Entonces, ocurre el milagro. Allí, en Maimará, allí donde estábamos aquella noche con Celina, con Fernando, con los chicos, con los obreros, con el Riki, con el Ramón y el Ramoncito. Ocurre el milagro: Kusch, que sabía que partiría, se da cuenta que aún le falta cruzar una frontera, la de la montaña que está frente al cuarto donde escribe. Y entonces, anotó para la eternidad: “Y yo sé que si logro cruzarla alguna vez e ir del otro lado, encontraré, como los héroes gemelos, del otro lado, toda la vida, esa que aún no se ha desprendido de los dedos divinos”.

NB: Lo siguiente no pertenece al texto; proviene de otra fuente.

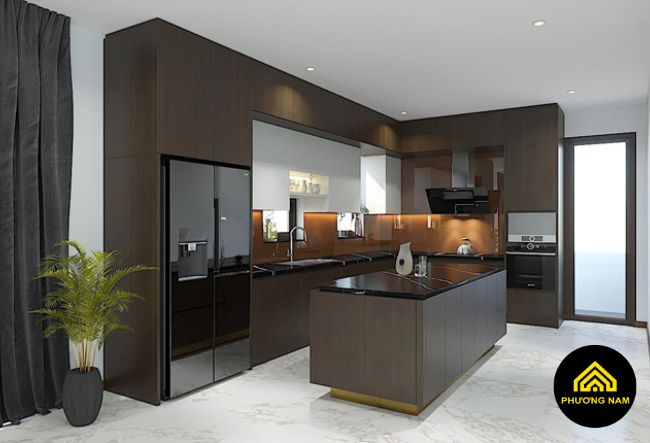Thỉ công tủ bếp bàn đảo tại Đà Lạt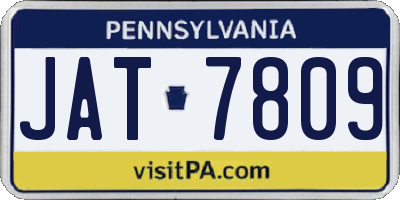 PA license plate JAT7809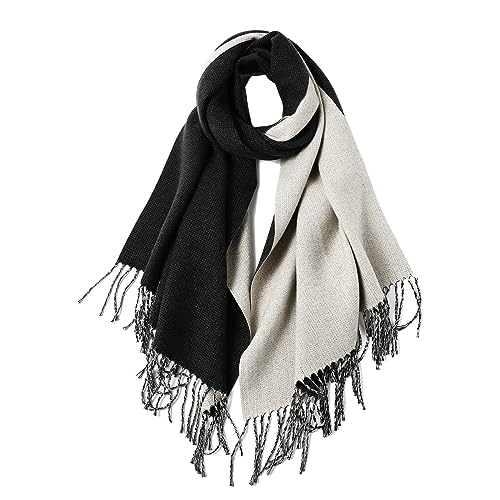 MaaMgic Schal Damen Pashmina Stola Warm Zweifarbig mit quasten/fransen Tücher für Frauen Abendkleider Hochzeit Festlich xxl Schals Herbst Winter Einfarbig Deckenschal MEHRWEG von MaaMgic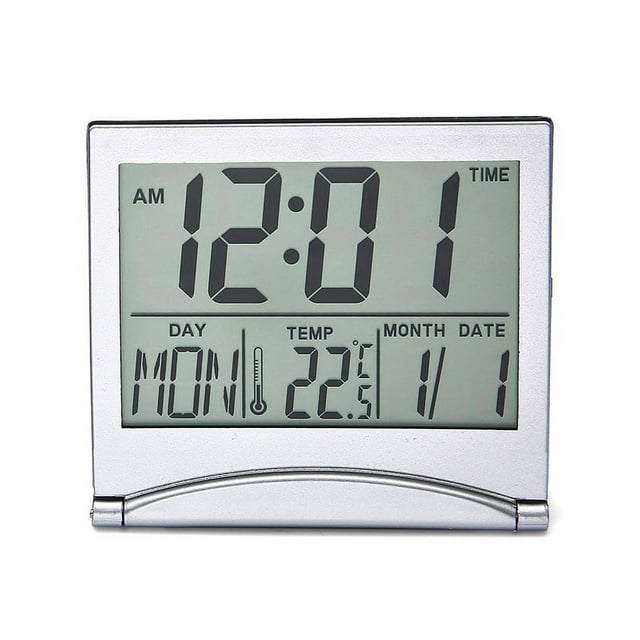 Reloj despertador digital plateado con pantalla LCD de temperatura, reloj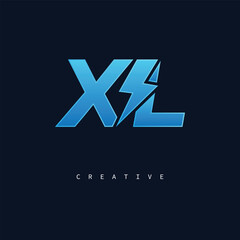 Fototapeta premium XL Thunderbolt Monogram – Futuristic Electric Logo with Bold Blue Energy Strike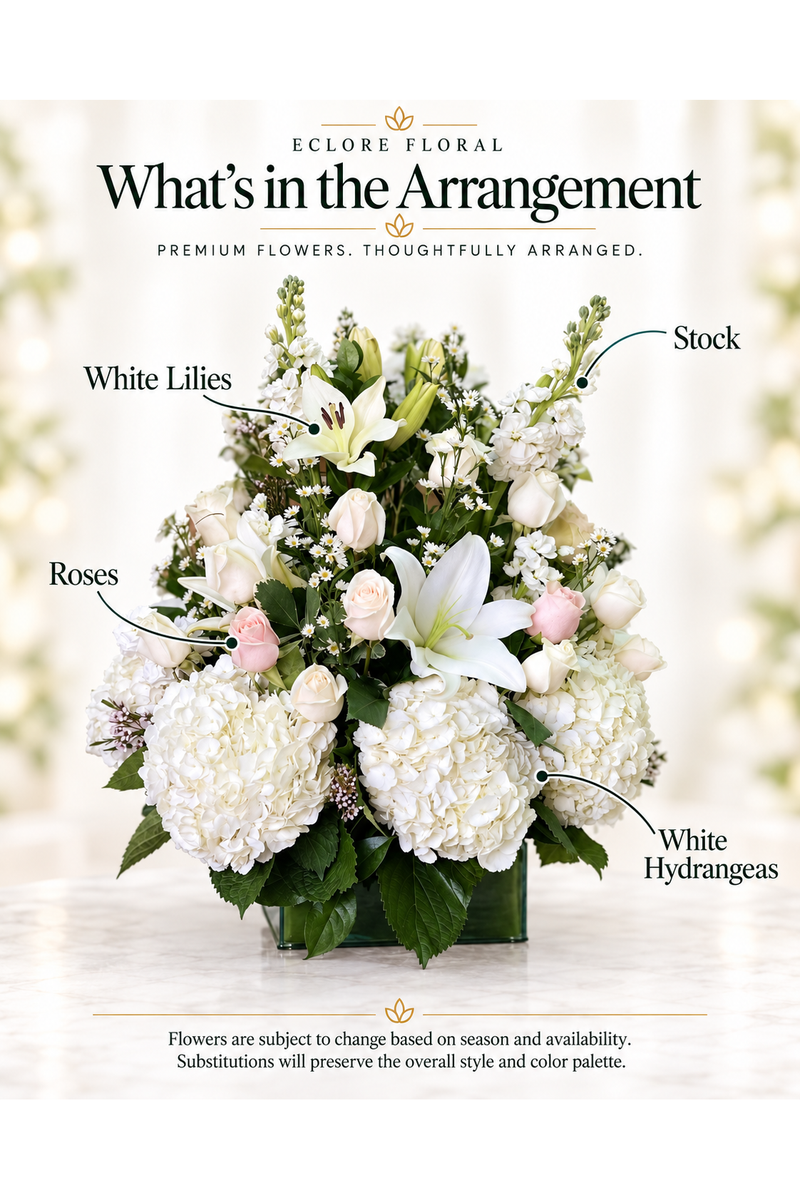 White Herbs Sympathy Arrangement – White Hydrangeas, Lilies & Roses — flower guide with seasonal availability information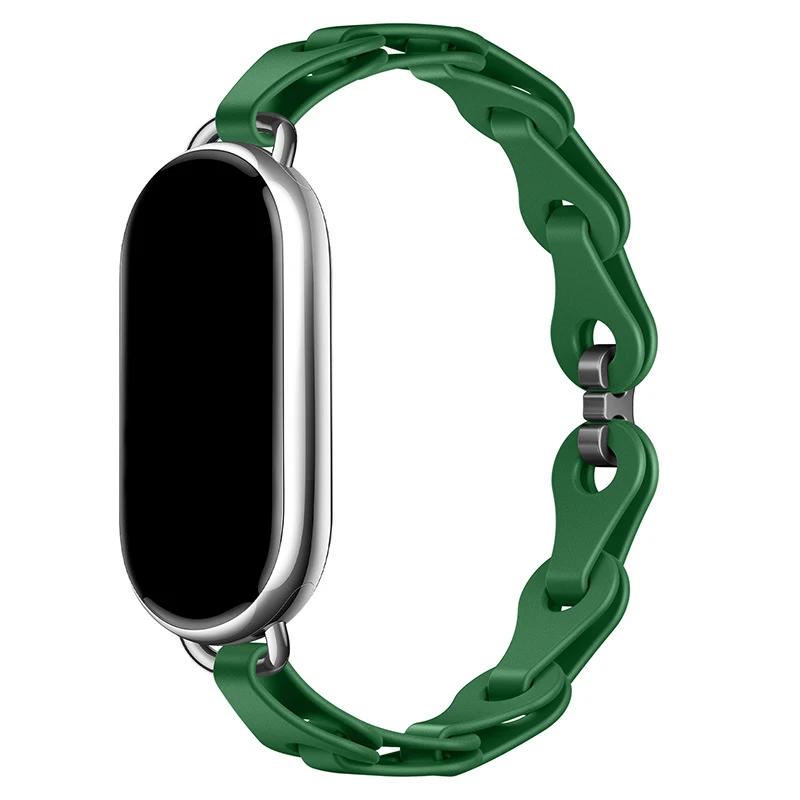 Резиновый ремешок для Xiaomi Mi Band 8 Браслет с пряжкой из нержавеющей стали для Miband 8 NFC Модный женский стиль Запасной силиконовый ремешок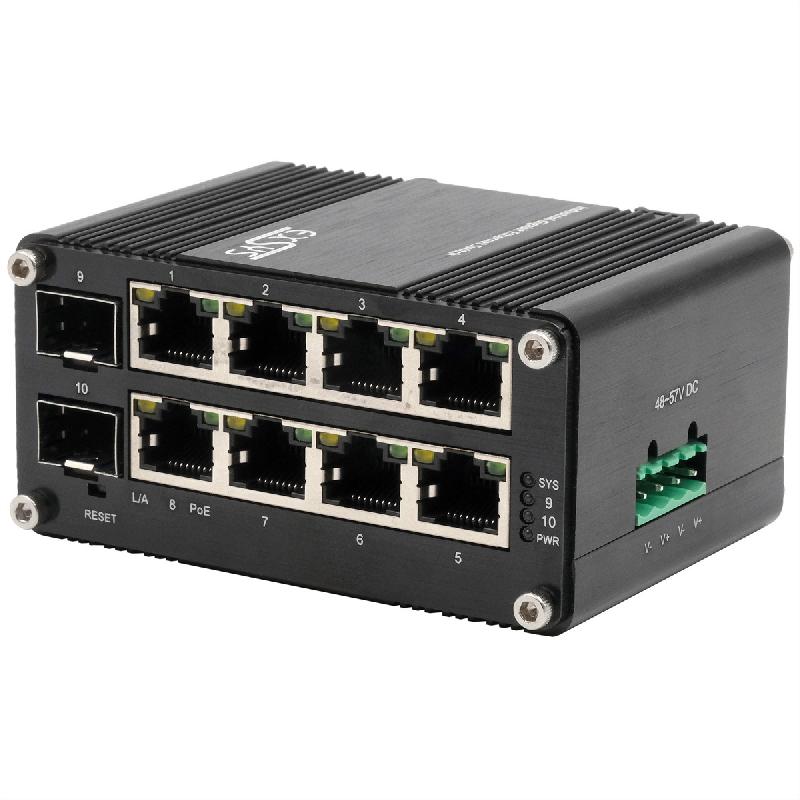 EXSYS EX-62035MPoE-SFP Mini commutateur industriel 8+2 ports Gigabit SFP PoE+, géré par le Web_1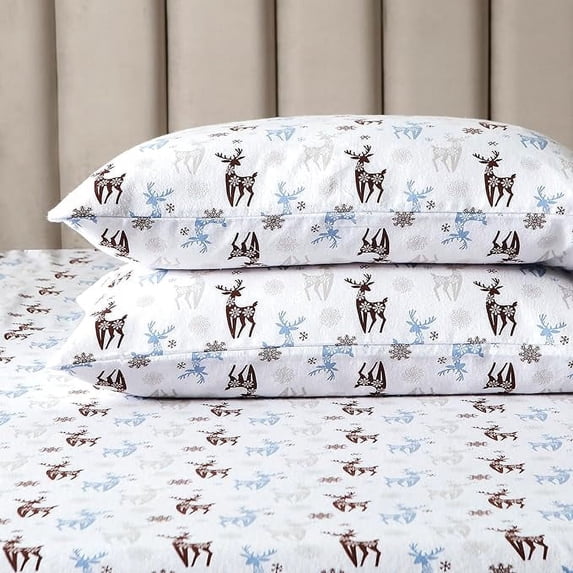 Elegant Comfort Ultra Soft 4-Piece Sheet Set - Holiday Christmas Flannel Sheets, Warm and Anti-Pill Quality, Deep Pocket Fitted Sheet- Queen, Brown Deer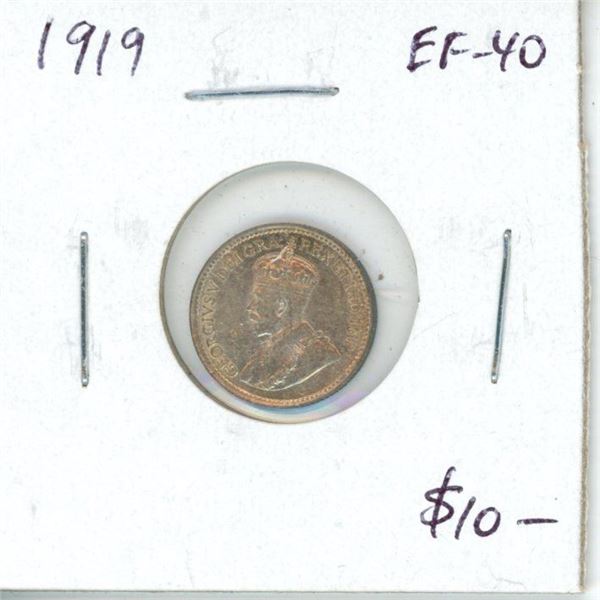 1919 Canadian Silver 5 Cents. EF-40. Nice.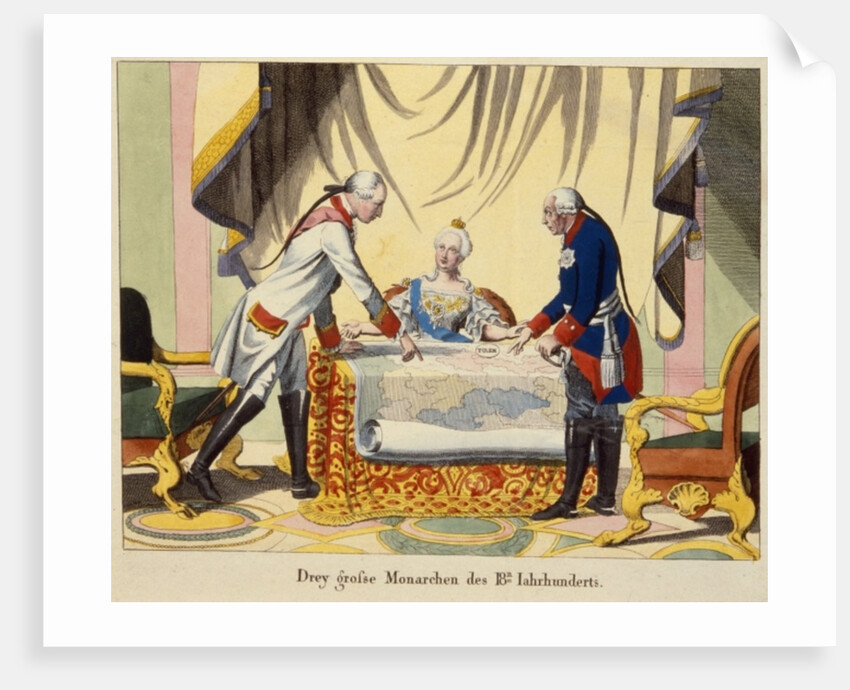 Joseph II of Austria, Catherine the Great of Russia and Frederick II of Prussia, 1772 by German School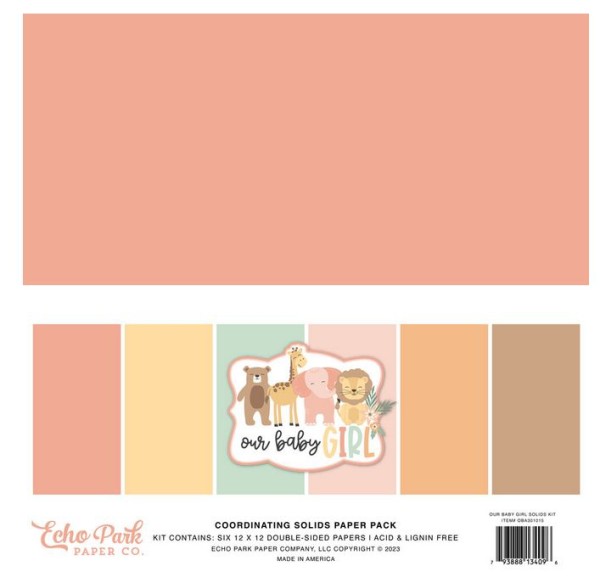 Echo Park Our Baby Girl 12x12 Inch Coordinating Solids Paper Pack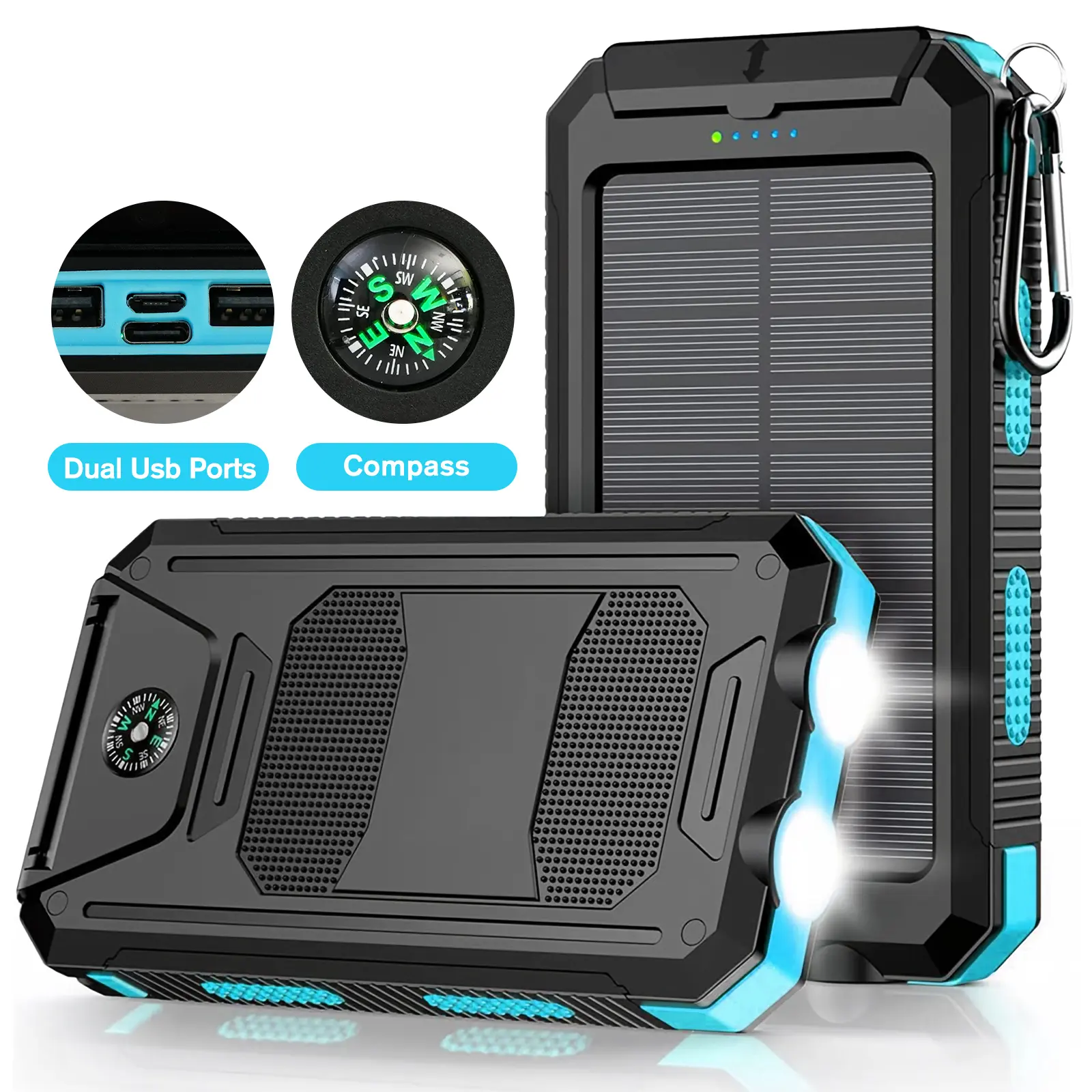 Solar Charger Power Bank 10000-30000mAh - 3-Device Fast Charging, Waterproof Outdoor Portable Charger with LED Flashlight, Compass, Camping Gear for Hiking, Emergencies sohochic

Y ahora, yo que nunca sé lo que escribo, por dónde me llevará la escritura, advierto y siento que la travesía por estas palabras, estos rostros, estas realidades y estas magias, nos ha conducido allí donde queríamos: a un lugar de comunión y encuentro con lo más sagrado y con lo más humano, el lugar donde alguien —él, Rodolfo— habla por él, pero también por mí, y habla por todos, habla por nosotros, habla de nosotros, habla de aquello que debería unirnos y conmovernos, habla de eso que no puede estar ausente, habla de lo que no puede jamás ser olvidado.
Montañas, cielos, vientos; arenas y estrellas: recorrimos felices y en ofrenda 3207 kilómetros por esa intensidad y por ese rastro.